Your instructions >> Reproduce every line of the listing as written, apart from the pictures.

Input data >>
+ + + +

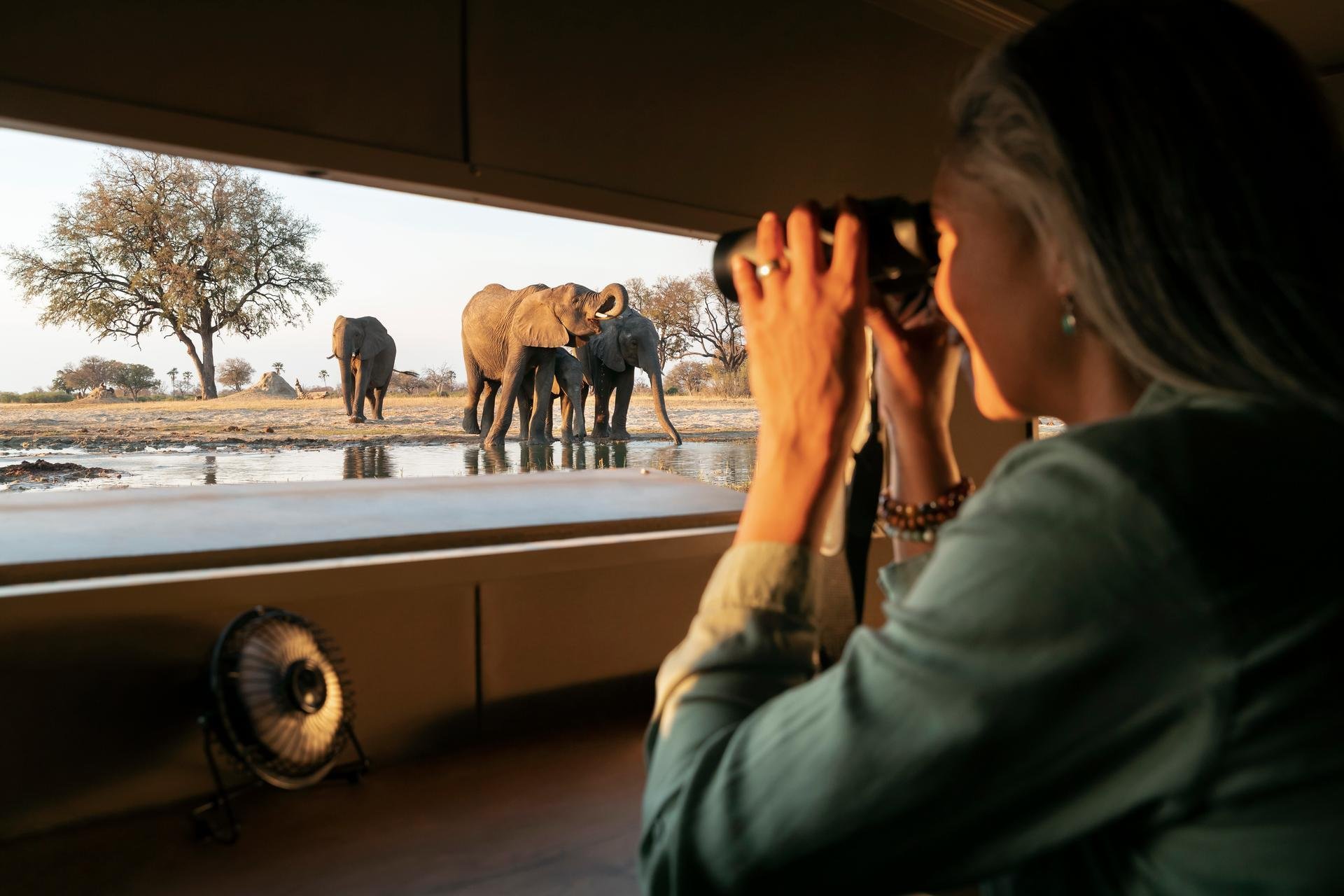 A 50-year Tradition: Participating in Hwange’s Full-Moon Game Count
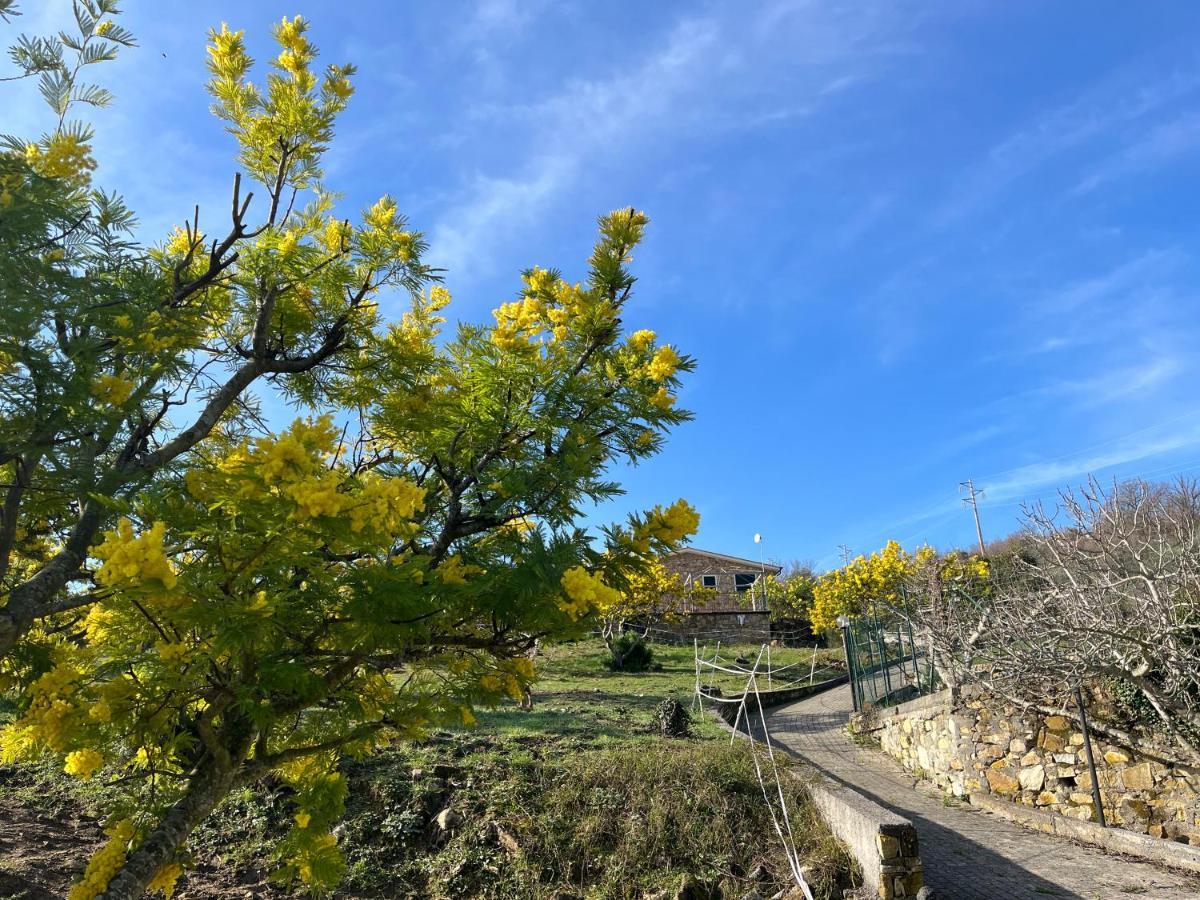 אימפריה Agriturismo Le Mimose מראה חיצוני תמונה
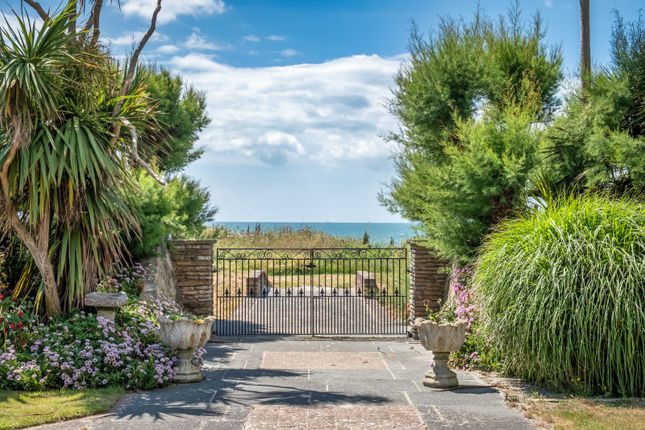 Blue Anchor,, East Strand, Chichester photo 4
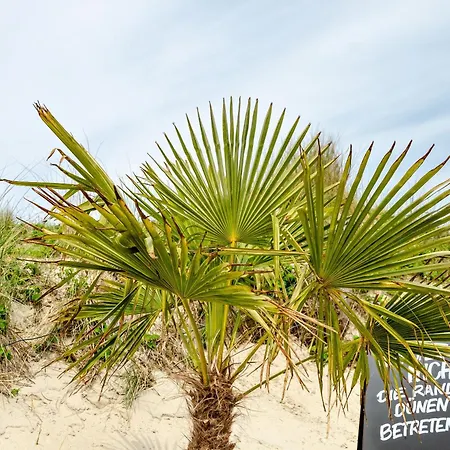 Strandhus Uiterst-hoern Luv 公寓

+ + + +

Solution >>
 A 50-year Tradition: Participating in Hwange’s Full-Moon Game Count
 אימפריה Agriturismo Le Mimose מראה חיצוני תמונה
 Blue Anchor,, East Strand, Chichester photo 4
 Strandhus Uiterst-hoern Luv 公寓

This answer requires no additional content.